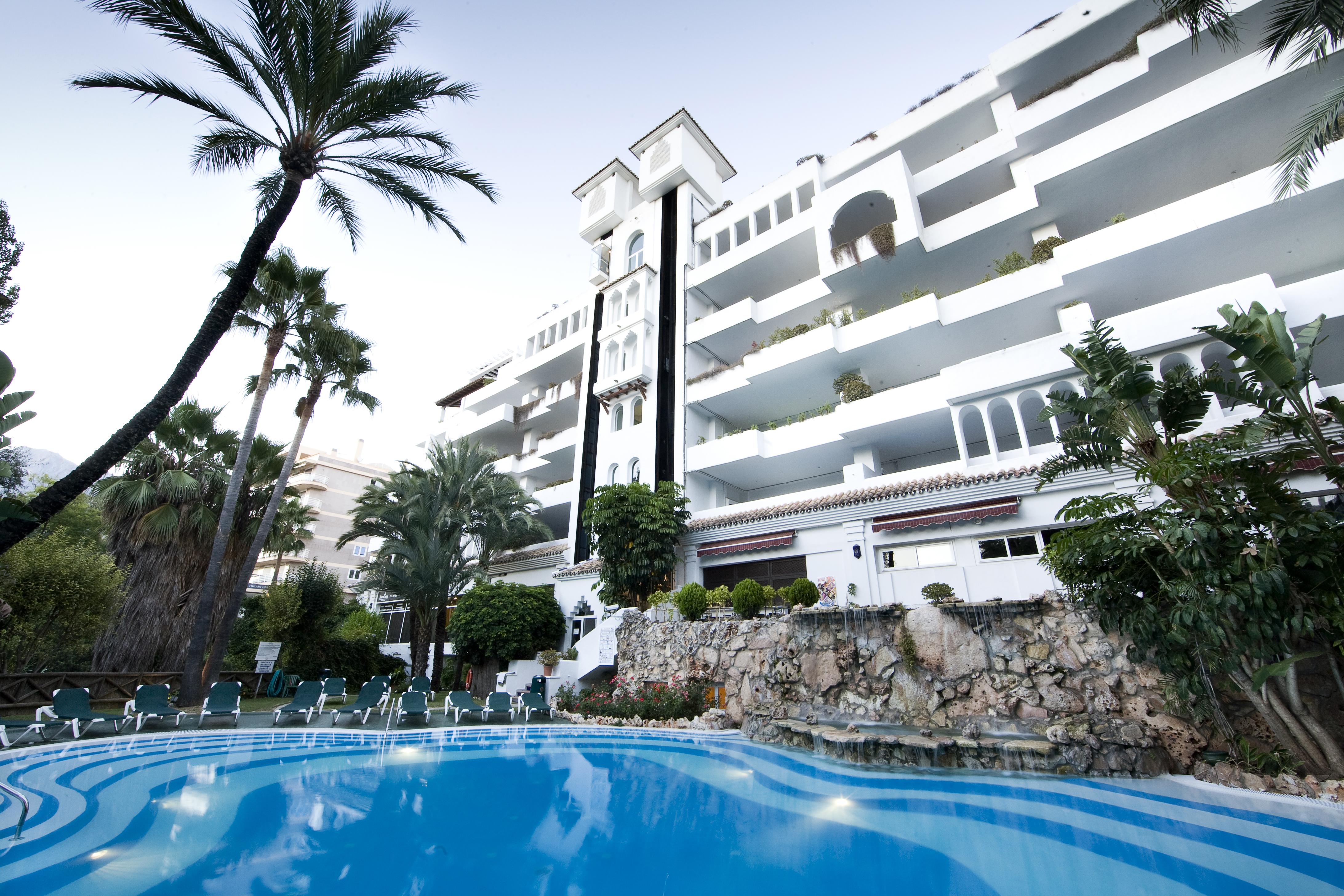 Aparthotel Monarque Sultan Marbella Exterior foto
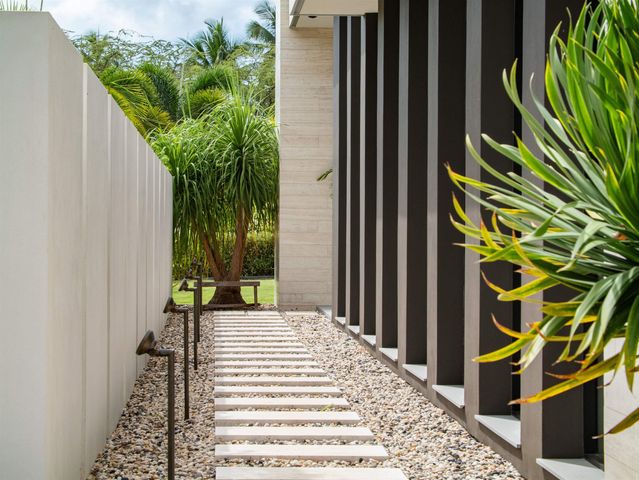 11 Halapa Pl, Kihei, HI 96753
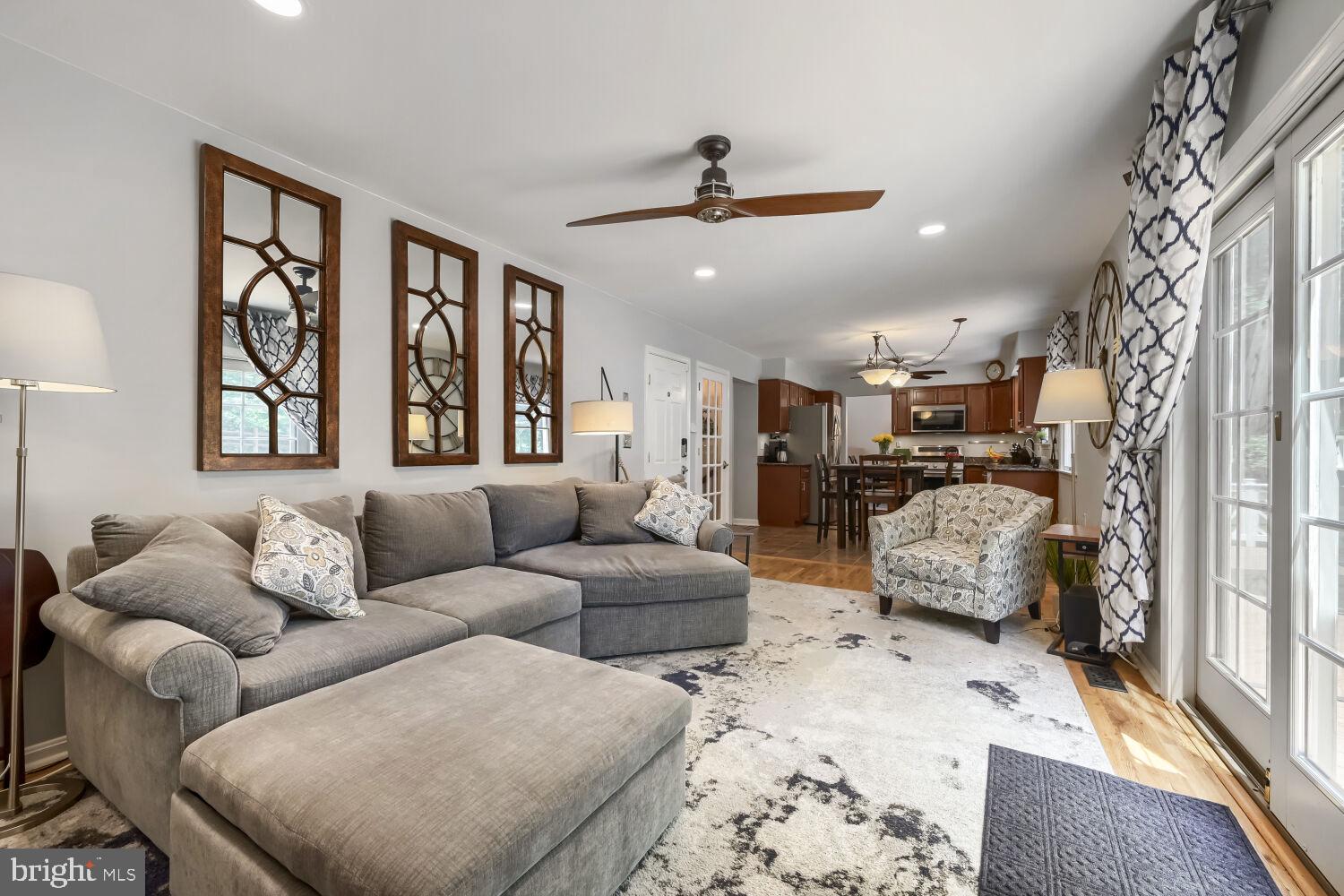 HUNTERS RUN - Residential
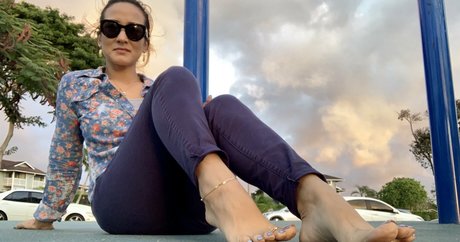 Naakte gelekte OnlyFans-foto van Kimkissesfootgoddess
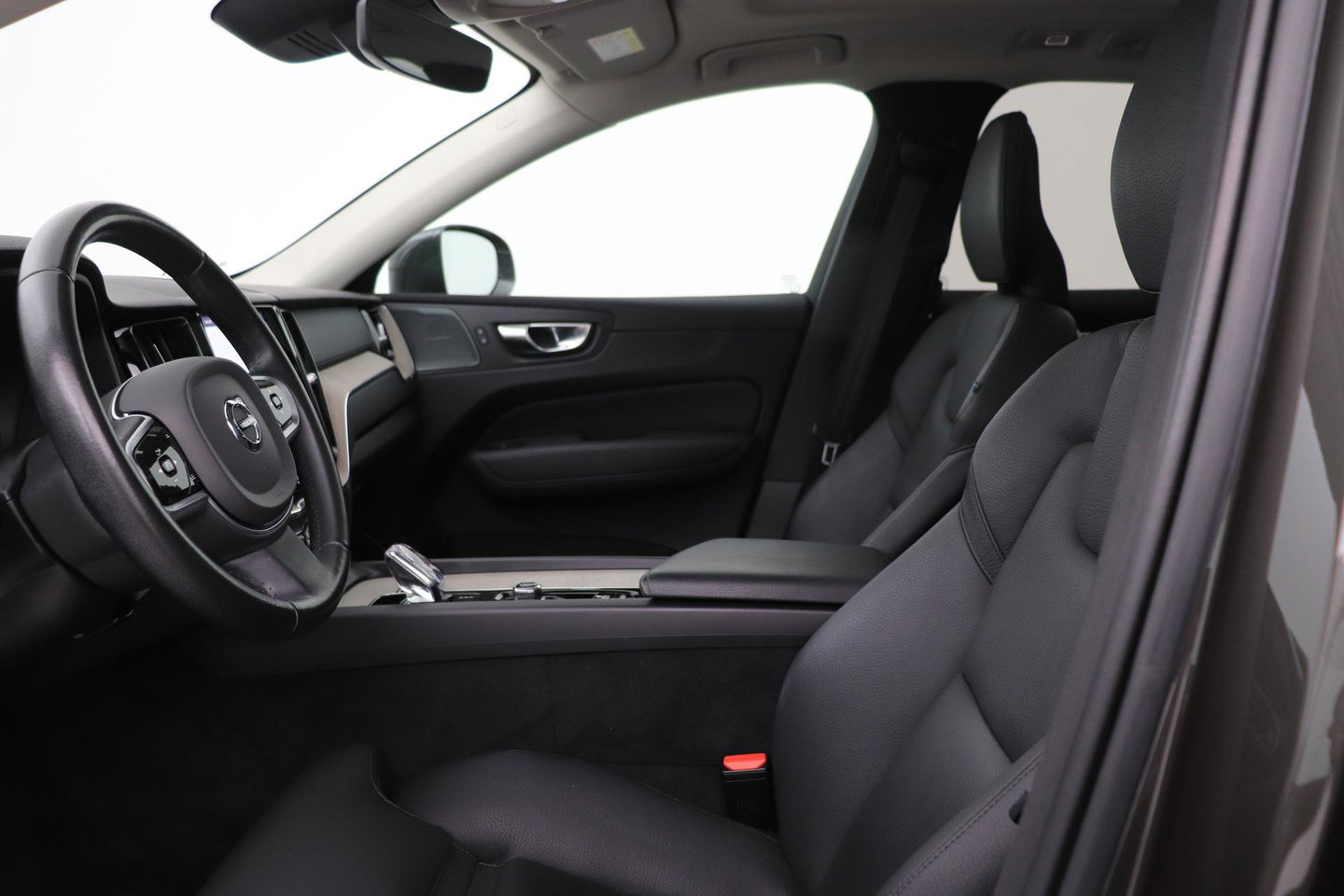 Volvo XC60 2.0 T6 Plug-in hybrid AWD Inscription | Long Range | Harman/Kardon | Panoramadak | Camera | Keyless | Memory | 19 Inch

TO DO>
Only the lines from the line with "Naakte gelekte OnlyFans-foto" to the end of the records should be repeated, exactly and without pictures.

TASK SOLUTION>
 Naakte gelekte OnlyFans-foto van Kimkissesfootgoddess
 Volvo XC60 2.0 T6 Plug-in hybrid AWD Inscription | Long Range | Harman/Kardon | Panoramadak | Camera | Keyless | Memory | 19 Inch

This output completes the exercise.